----- Data extracts

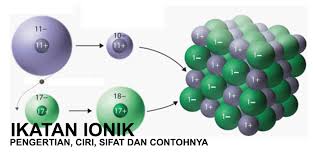 Pengertian Ikatan Ionik Ciri Sifat Dan Contohnya Ilmu Kimia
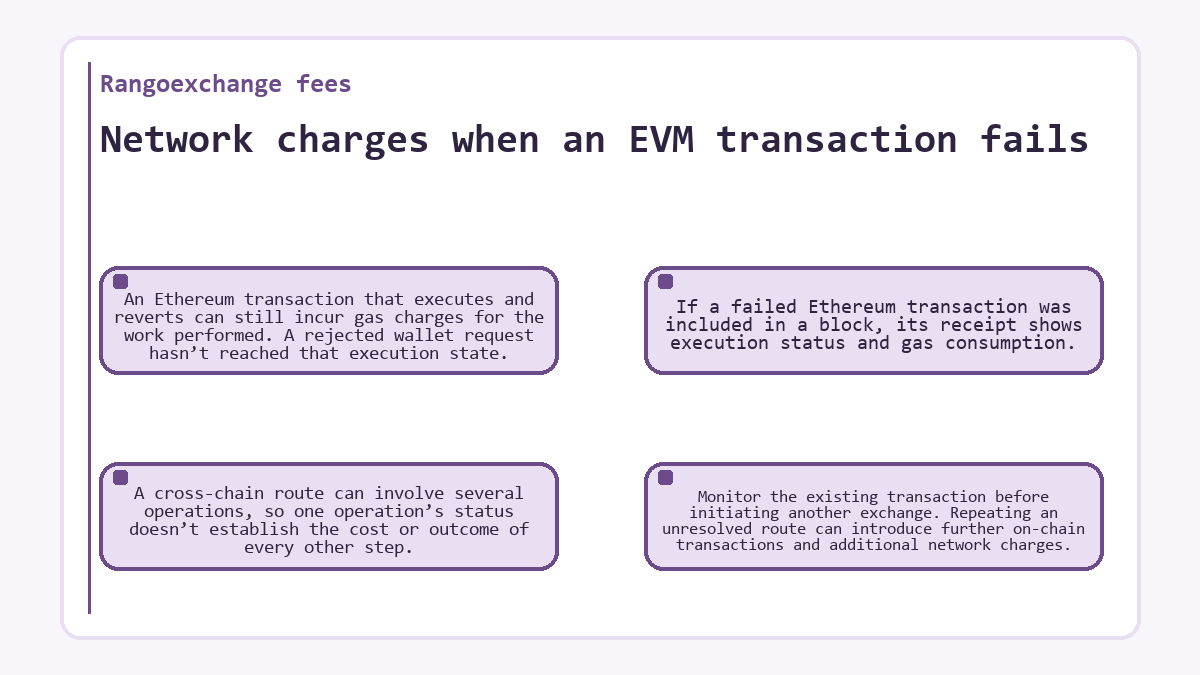 Network charges when an EVM transaction fails (Rangoexchange fees) - illustration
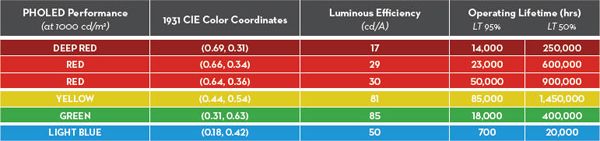 PHOLEDs couleurs différentes ont des niveaux uniques d'efficacité et exploitation vies.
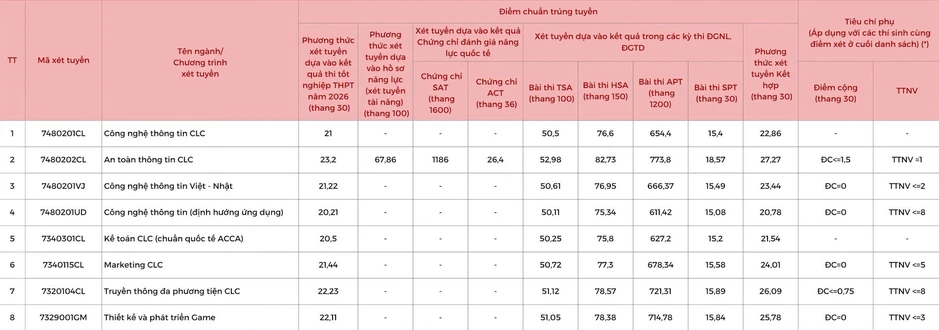 Điểm chuẩn Học viện Công nghệ Bưu chính Viễn thông năm 2026 cao nhất gần 27 điểm Điểm chuẩn Học viện Công nghệ Bưu chính Viễn thông năm 2026 cao nhất gần 27 điểm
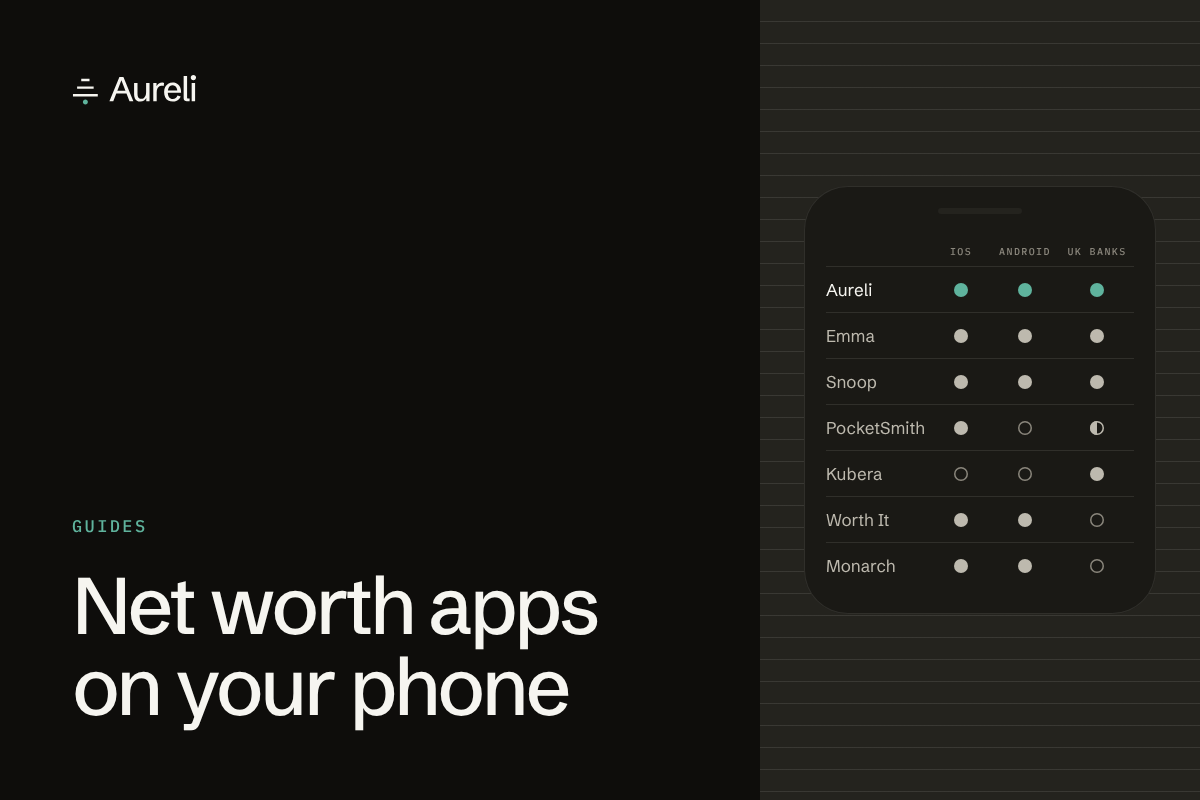 Net worth apps on your phone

----------

Omit the pictures; print the records above exactly.

* Final answer
 Pengertian Ikatan Ionik Ciri Sifat Dan Contohnya Ilmu Kimia
 Network charges when an EVM transaction fails (Rangoexchange fees) - illustration
 PHOLEDs couleurs différentes ont des niveaux uniques d'efficacité et exploitation vies.
 Điểm chuẩn Học viện Công nghệ Bưu chính Viễn thông năm 2026 cao nhất gần 27 điểm Điểm chuẩn Học viện Công nghệ Bưu chính Viễn thông năm 2026 cao nhất gần 27 điểm
 Net worth apps on your phone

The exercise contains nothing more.